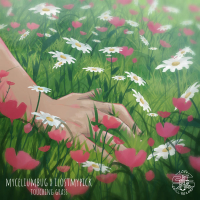 Touching Grass (Single)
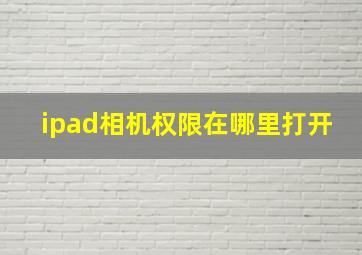 ipad相机权限在哪里打开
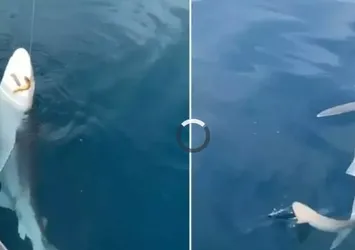 Oltasına köpek balığı takıldı yeniden denize bıraktı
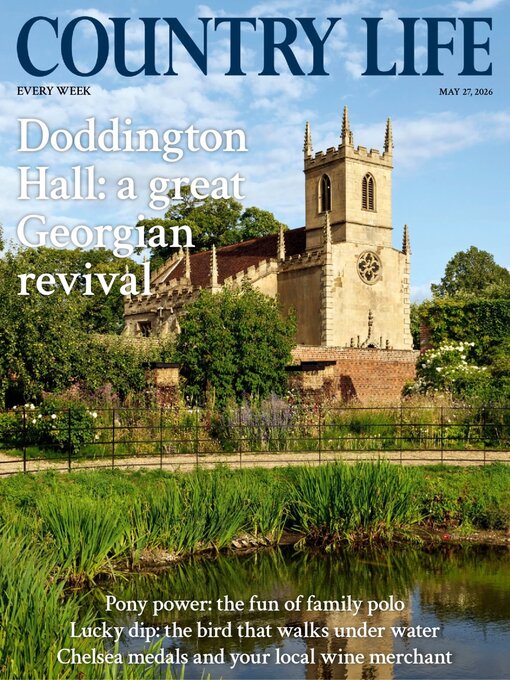 Cover image for Country Life
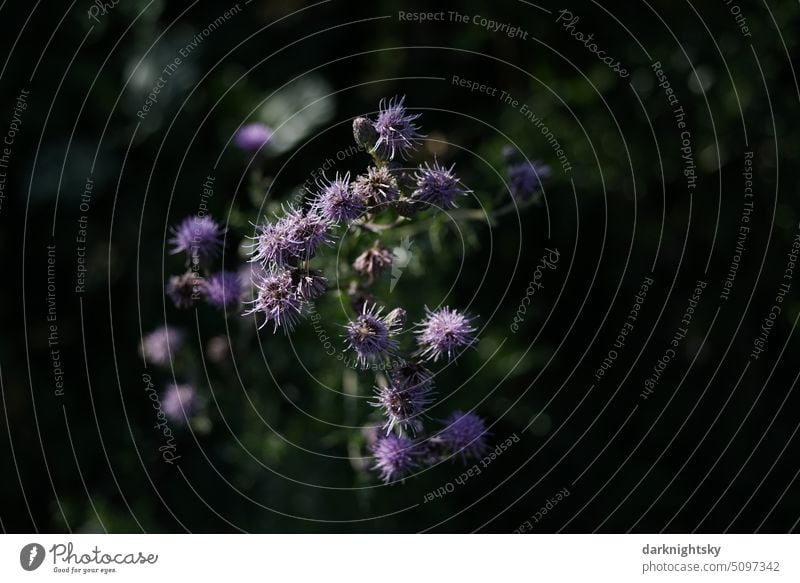 Blüten einer lilafarbigen Distel von oben gesehen am Wegesrand Natur Makroaufnahme grün Blume stachelig Stachel Pflanze violett lilac Umwelt Farbfoto Sommer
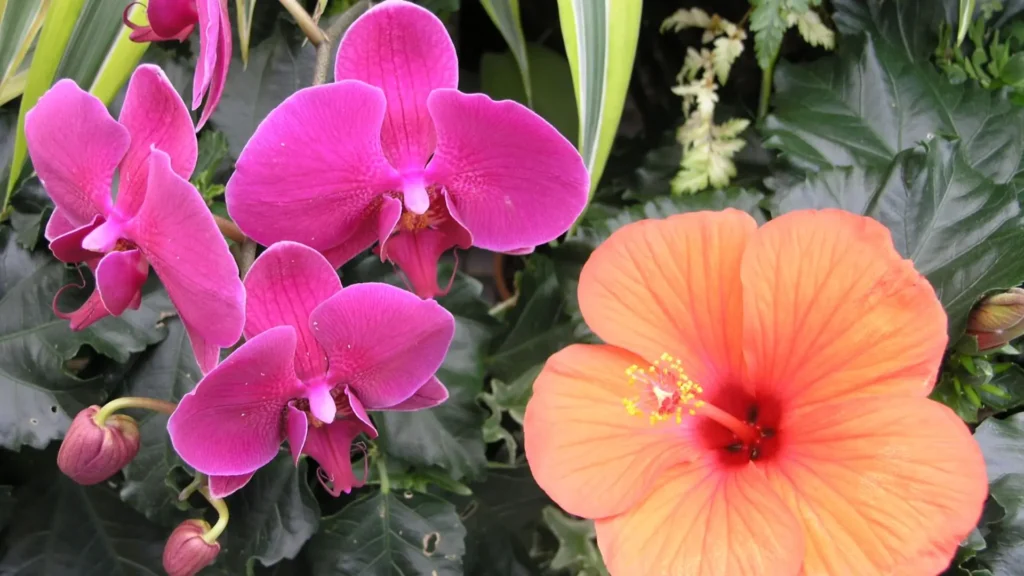 orquídeas rosas ao lado de uma flor de hibisco laranja em meio a folhagem tropical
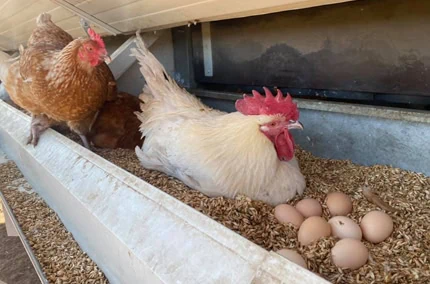 Biohotel Lindengut Dipperz Demeter Landwirtschaft Hühnermobil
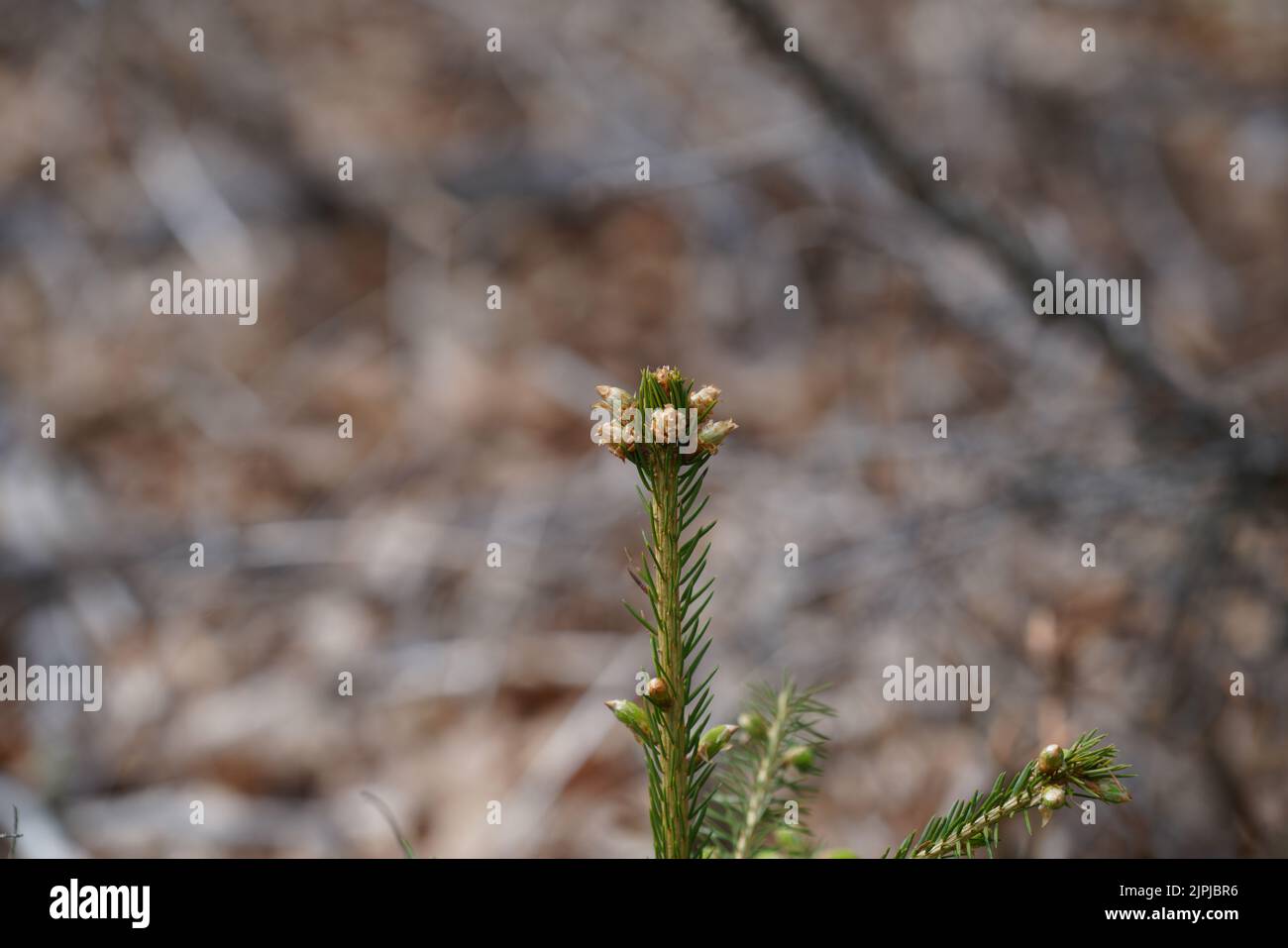 A selective focus shot of a Huperzia selago plant Stock Photo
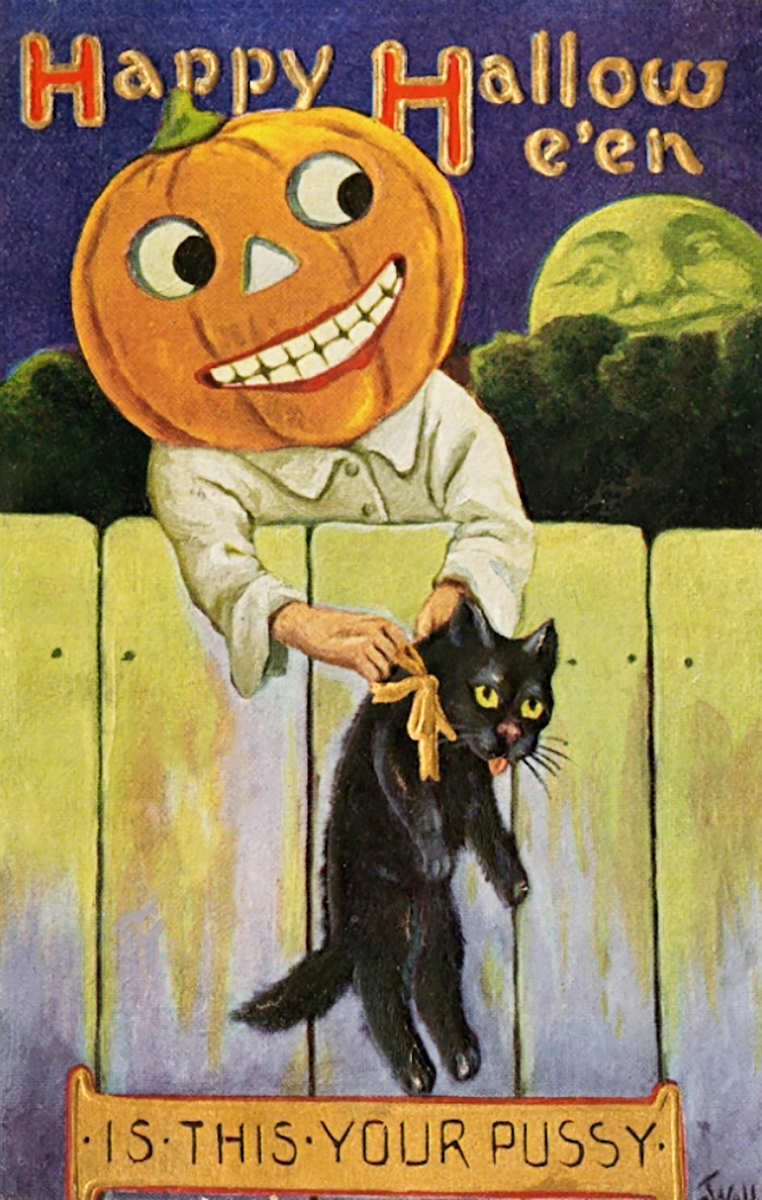 Halloween pumpkin holding up a black cat saying IS THIS YOUR PUSSY?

+---+

Activity
Copy the material shown above in full and exactly. Skip the pictures.

Task output
 Touching Grass (Single)
 ipad相机权限在哪里打开
 Oltasına köpek balığı takıldı yeniden denize bıraktı
 Cover image for Country Life
 Blüten einer lilafarbigen Distel von oben gesehen am Wegesrand Natur Makroaufnahme grün Blume stachelig Stachel Pflanze violett lilac Umwelt Farbfoto Sommer
 orquídeas rosas ao lado de uma flor de hibisco laranja em meio a folhagem tropical
 Biohotel Lindengut Dipperz Demeter Landwirtschaft Hühnermobil
 A selective focus shot of a Huperzia selago plant Stock Photo
 Halloween pumpkin holding up a black cat saying IS THIS YOUR PUSSY?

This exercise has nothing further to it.